Background/Purpose:

SLE is a chronic autoimmune disease with variable manifestations. New developments in the understanding and treatment of SLE mandated closer monitoring of the disease activity and its response to treatment. Current disease activity indices (e.g. SLEDAI SELENA, BILAG & SLAM) have their own limitations. We designed a new disease activity evaluation tool: the Lupus Activity Scoring Tool (LAST) that simplifies the approach to quantify SLE activity while maintaining high sensitivity. We have also developed an easy to use electronic application of this tool.

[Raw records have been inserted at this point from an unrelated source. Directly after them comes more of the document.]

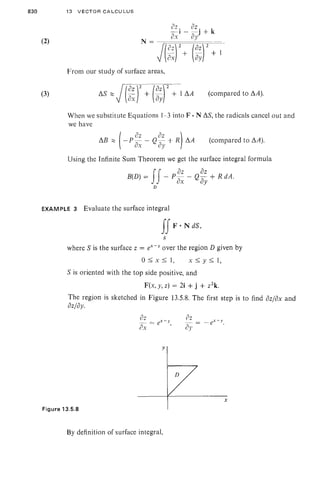 Calculus(lebih matematika)
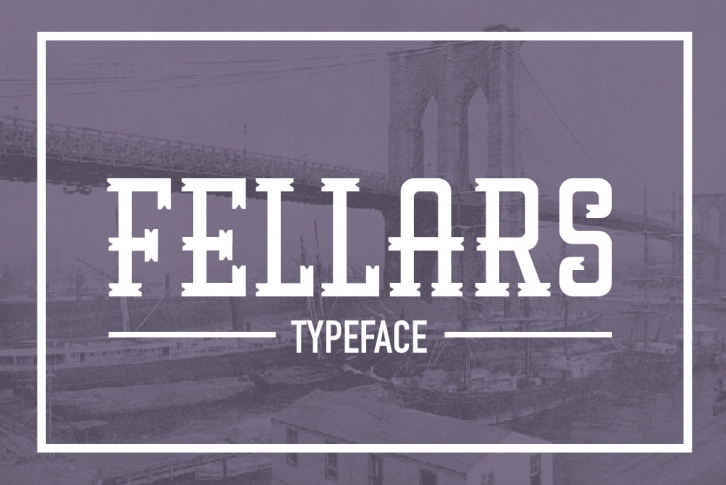 Fellars Font Font Download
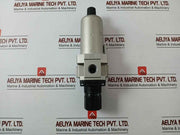 Smc Aw40-04Bg-2 Filter Regulator 0.05-0.85Mpa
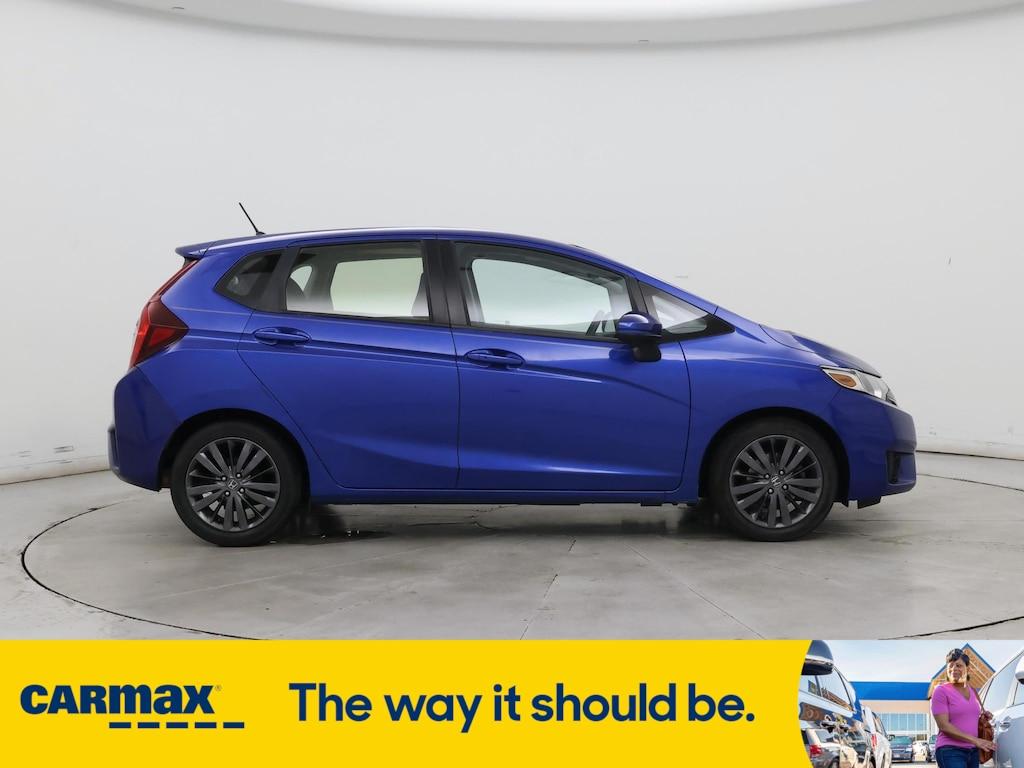 used 2016 Honda Fit car, priced at $14,998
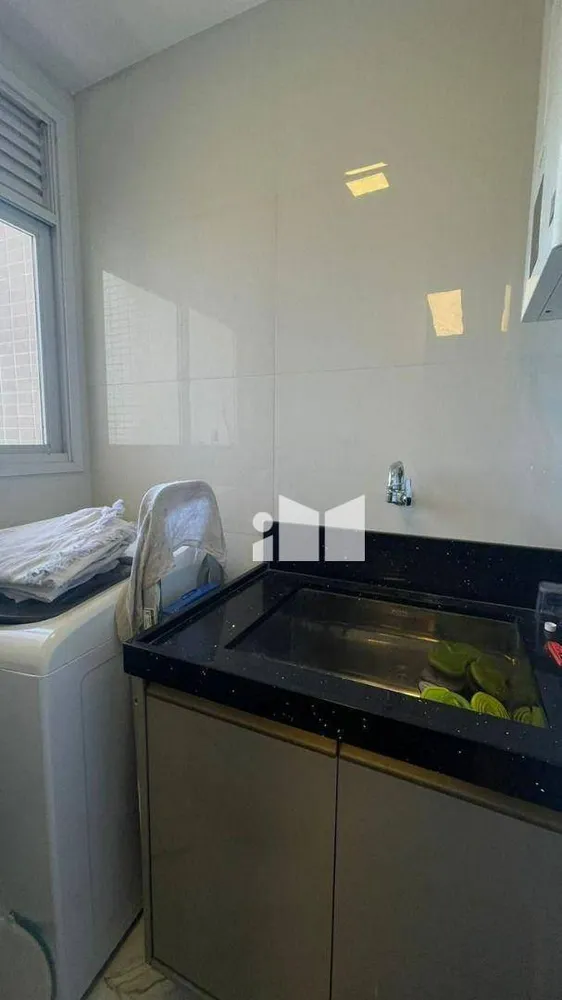 Cobertura, 3 quartos, 160 m² - Foto 13
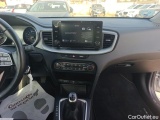  KIA  XCeed KIA  / 2019 / 5P / todoterreno 1.0 T-GDi Drive 88kW (120CV) #13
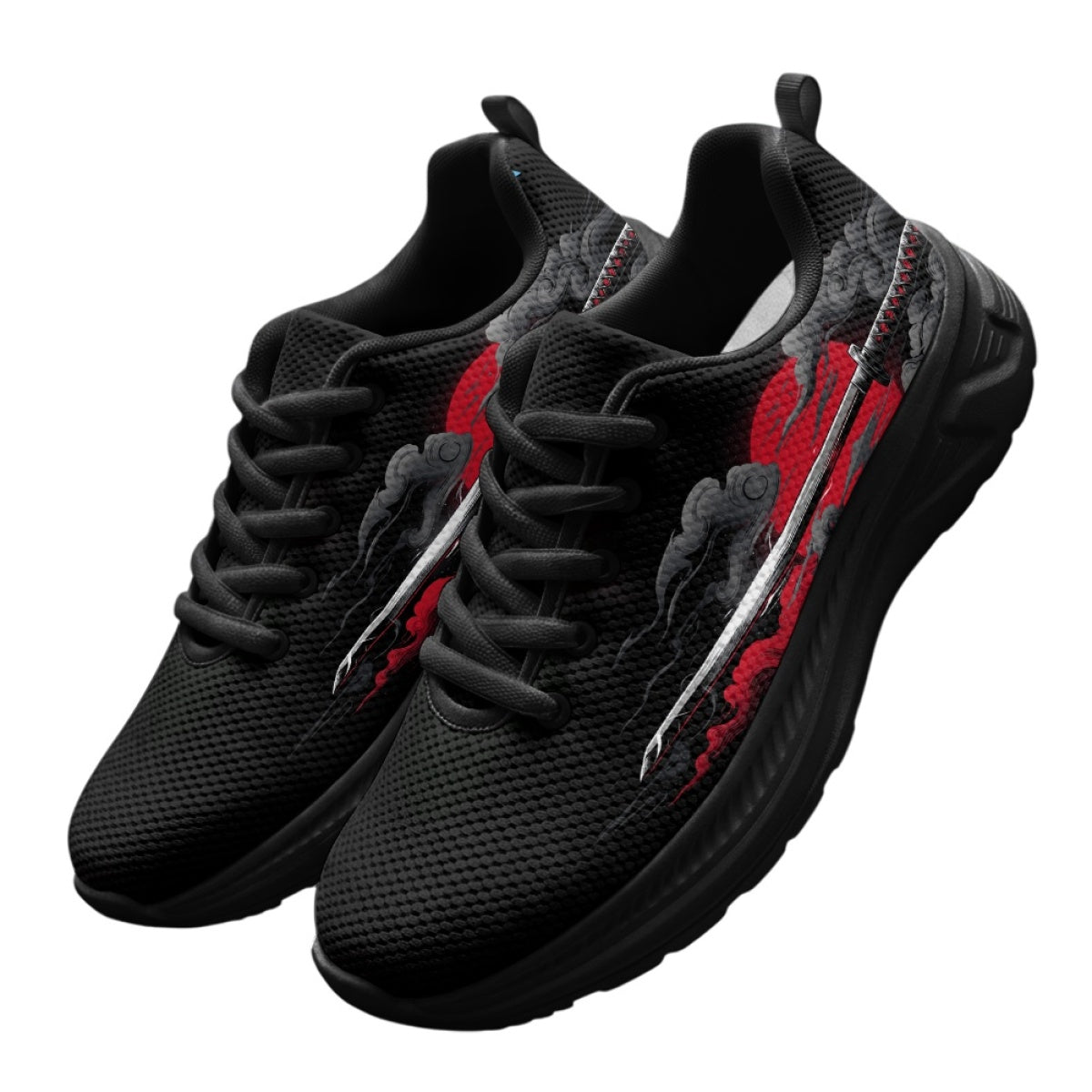 Chunky Kogarasu Sneaker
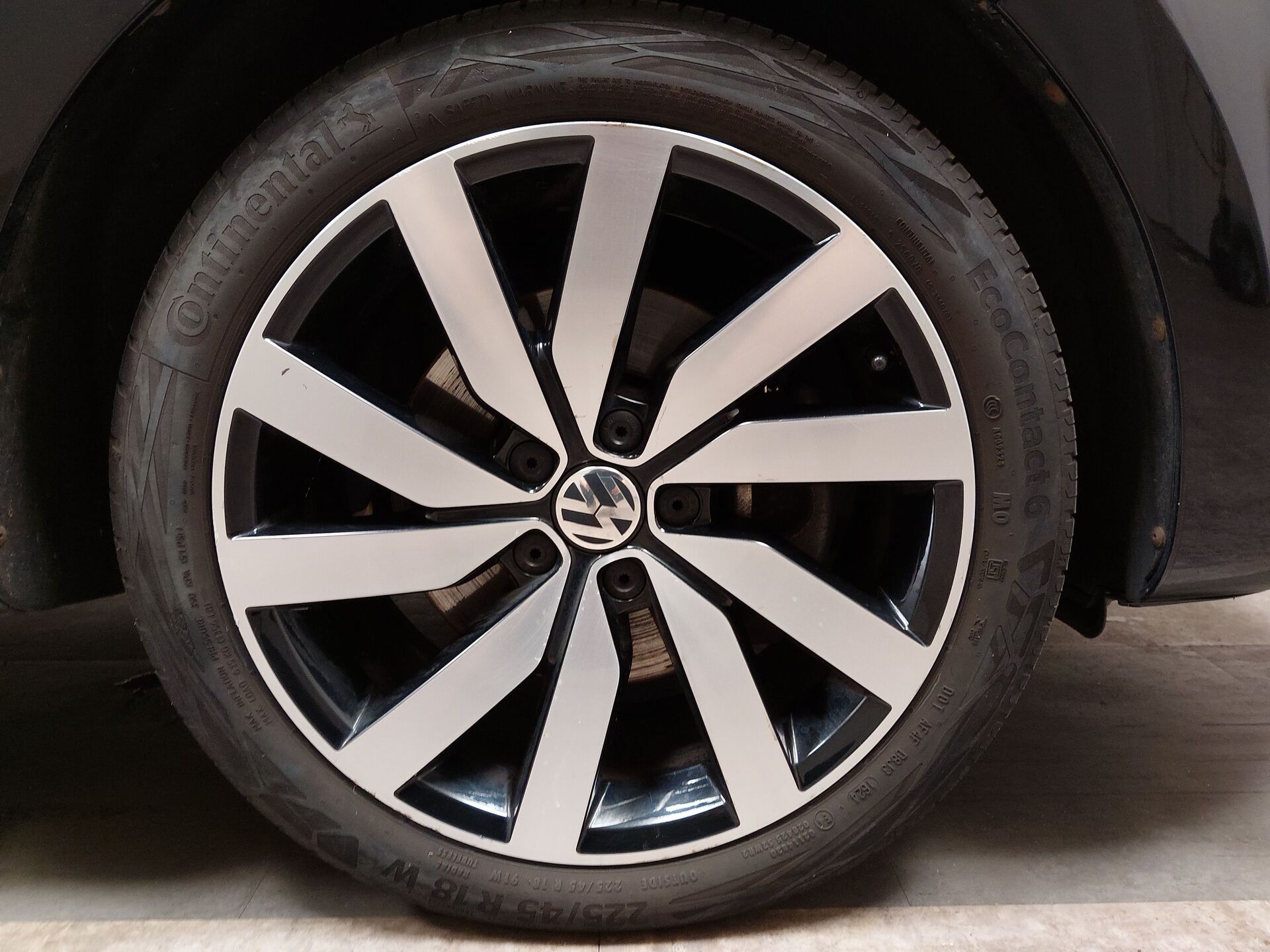 Volkswagen Sharan Highline NAVI KLIMAAUT SHZ RFK ACC 7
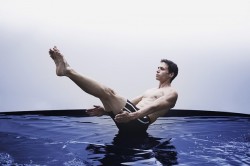 Занятия йогой Занятия йогой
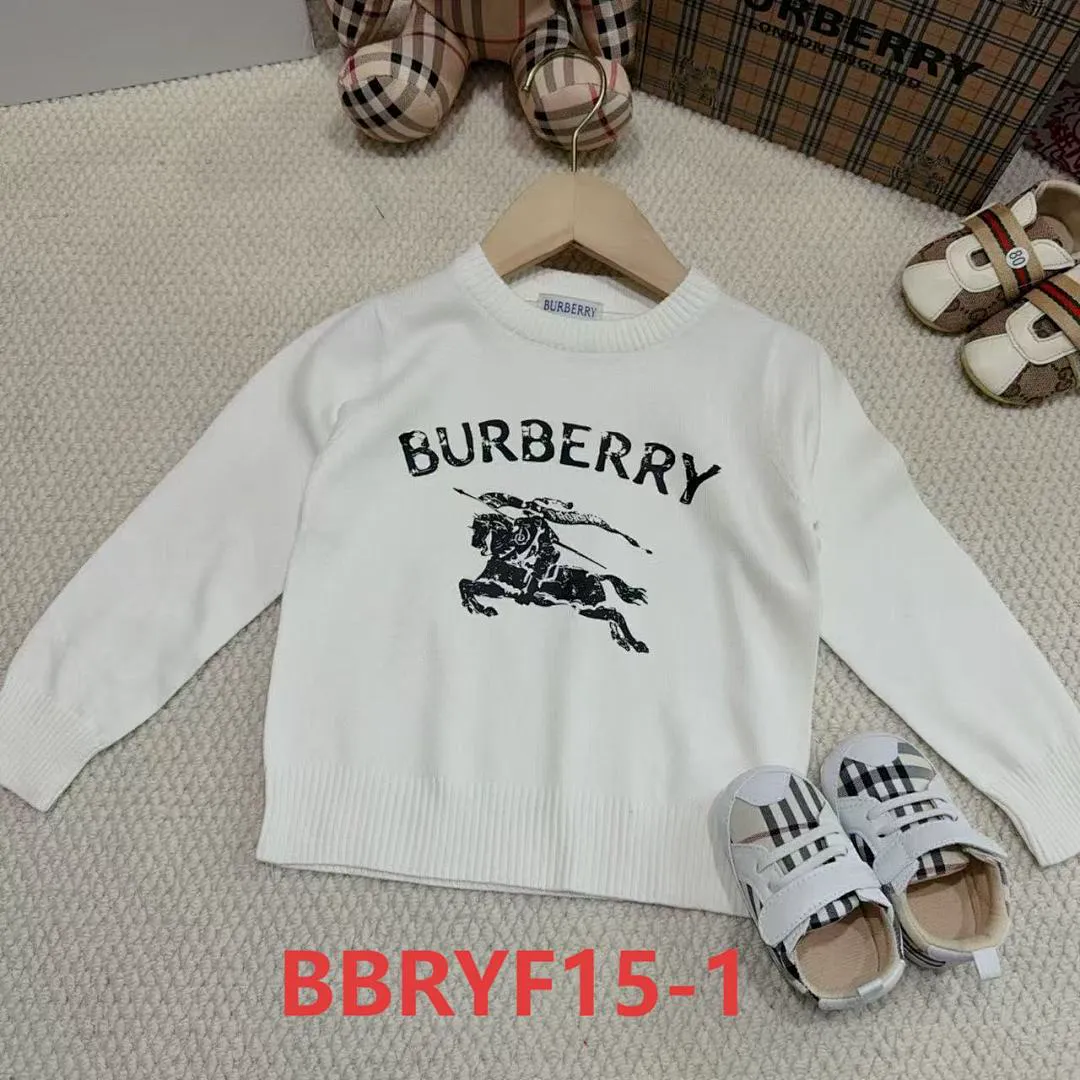 Burberry BBRYF15 תמונה 7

Primary: To validate a SLE activity tool with it correlation to the SLEDAI SELENA modification. Secondary: To test the usability and the accuracy of electronic applications of the same tool in clinical settings.

Methods:

The new disease activity tracking and evaluating tool included patient global assessment of disease activity (PGA), physician global assessment of disease activity (PHGA), and a formula incorporating the current immunomodulating medication used as an indication of SLE activity. The LAST included C3, C4 and Anti-ds Anti-DNA titer abnormalities as activity indicators. Patients who met the SLE ACR 1997 criteria update were seen in a rheumatology clinic within the last 12 months and had the laboratory investigations done within 2 weeks of their visit. The SLEDAI was calculated for each visit. Five different systems (algorithms) of weighting the different variables of disease activity were calculated. Apple iPad and Windows web-based applications were developed for the LAST and a clinical only LAST (without incorporating serological values). Descriptive statistics and correlation bivariates (Pearson’s & Spearman’s) were conducted. Each algorithm result and the disease activity of patients with multiple assessments were compared to the SLEDAI SELENA scores.

Results:

Twenty three patients (91% females) with 43 assessments were included. Scores from 5 algorithms of the variables in addition to the SLEDAI SELENA scores were obtained at each visit. The mean (SD) age was 47.97 (14.61) years and the mean (SD) of disease duration was 12.26 (6.47) years. The mean (SD) SLEDAI score was 6.30 (4.01). The mean (SD) LAST (with C3, C4 and Anti-ds DNA) score was 39.85 (18.67). The correlation between the two new activity indices was very high: 0.920 with p<0.001. The SLEDAI scores were consistent with the LAST scores at the baseline and follow-up visits: SLEDAI scores 0-4 corresponded to the LAST scores of 0-30 while SLEDAI scores of 8 or higher corresponded to 50 and higher, respectively. The electronic applications of the LAST were easy to use and no errors were found with their results as compared to the manually obtained scores.

Conclusion:

The Lupus Activity Scoring Tool (LAST) is a new disease activity index correlated well with the SLEDAI SELENA modification. The use of simple clinical variables as a measure of SLE activity seems to be valid. The development of easy to use electronic apps will make the use of these activity tracking tools easier to calculate and can be possibly utilized in non-specialist settings.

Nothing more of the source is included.